My title, ‘I, Warbot’, deliberately riffed on Asimov’s work. His famous ‘Laws of Robotics’ presented a challenge: robots were prohibited from harming humans or themselves. That simply doesn’t work in conflict, where AI will most certainly be employed deliberately to harm. But his second rule was key to me and centred on this crucial territory of ‘mind-reading’: a robot must obey orders given to it. To do that, the machine must understand humans. Like Asimov, I wanted to imagine machines that could gauge our intentions and try to satisfy them. 

This is sometimes known as the ‘alignment problem’—how can we ensure these super-powerful algorithms are attuned to our wishes? It’s certainly not easy—often, we don’t know what we want or (harder still) what our future selves will want. What chance do machines have of interpreting our messy, sometimes conflicting goals? 

Alignment is a mighty challenge, but at least language models, with their emergent ‘mind-reading’ insights about the perspectives of other agents, are in the game. And this ‘theory of mind’ ability is a double-edged sword—for them, just as it is for us. Proficient mind-readers can better understand the intentions of others, for good and for ill. 

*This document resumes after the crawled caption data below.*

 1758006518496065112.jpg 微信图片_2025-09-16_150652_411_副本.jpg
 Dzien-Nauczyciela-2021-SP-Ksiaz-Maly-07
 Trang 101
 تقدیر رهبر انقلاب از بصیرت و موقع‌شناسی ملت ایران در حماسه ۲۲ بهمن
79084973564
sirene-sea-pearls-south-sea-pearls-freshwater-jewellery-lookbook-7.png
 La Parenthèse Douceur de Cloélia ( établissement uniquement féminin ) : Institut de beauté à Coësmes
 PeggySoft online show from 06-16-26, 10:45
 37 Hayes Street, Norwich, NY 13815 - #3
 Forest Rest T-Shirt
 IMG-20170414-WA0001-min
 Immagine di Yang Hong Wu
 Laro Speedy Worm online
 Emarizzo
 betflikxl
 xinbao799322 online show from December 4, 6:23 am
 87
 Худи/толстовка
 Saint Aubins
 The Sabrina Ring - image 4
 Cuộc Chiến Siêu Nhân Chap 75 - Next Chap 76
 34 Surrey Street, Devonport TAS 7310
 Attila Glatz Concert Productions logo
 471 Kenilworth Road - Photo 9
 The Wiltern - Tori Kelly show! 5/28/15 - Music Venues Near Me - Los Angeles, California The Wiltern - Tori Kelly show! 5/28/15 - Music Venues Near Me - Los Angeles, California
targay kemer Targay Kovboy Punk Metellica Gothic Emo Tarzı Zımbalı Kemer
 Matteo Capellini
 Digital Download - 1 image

Where might AI go next? Mind-reading abilities might improve considerably as language models inevitably scale over the coming years. But a step change in AI might require new approaches altogether. Demis Hassabis, the visionary founder of DeepMind, thinks that a hybrid approach is needed, one that brings more robust reasoning abilities to language models and that offsets their tendency to ‘hallucinate’ nonsense or misleading outputs. Perhaps. 

Another possible avenue is to broaden from prose. Transformers, the general type underpinning language models, are good at that, but language is just data. Could transformers interpret our tone of voice? Perhaps even model body language? Let’s be even more futuristic here: what about pheromones? A richer, multimodal way of understanding humans might ensue, getting to deeper questions of intentions. 

We now get to something even more speculative I touched on in ‘I, Warbot’: the prospect of living machines, biocomputing, mind-merges, chimeras, and other exotica from the boundaries of science and science fiction. What strategic insights might they unleash? What would such ‘living machines’ want? Living imbues us with deep motivations—to survive, to reproduce.  Would biological machines share these? Would they feel emotions like ours? Would they be unambiguously our servants? 

Aficionados like to talk about building ‘Artificial General Intelligence’, or ‘AGI’, which tends to mean creating machines that think like we do. Yet human intelligence really isn’t general at all. We experience only a slice of ‘reality’, limited by our sensory organs. And then we fit all that information into a useful internal model—useful for us, that is, lumbering around in our human bodies and our human groups. 

If we’ve one claim to distinctiveness, it’s our uniquely intense social intelligence, replete with language and empathy. If machines can manifest that, we’ll have unleashed a powerful and entirely novel force in our strategic affairs. That is radical but still only a tiny sliver in the overall space of possible artificial intelligences. What are the implications of machines elsewhere in that wider territory? Perhaps it’s time for a sequel!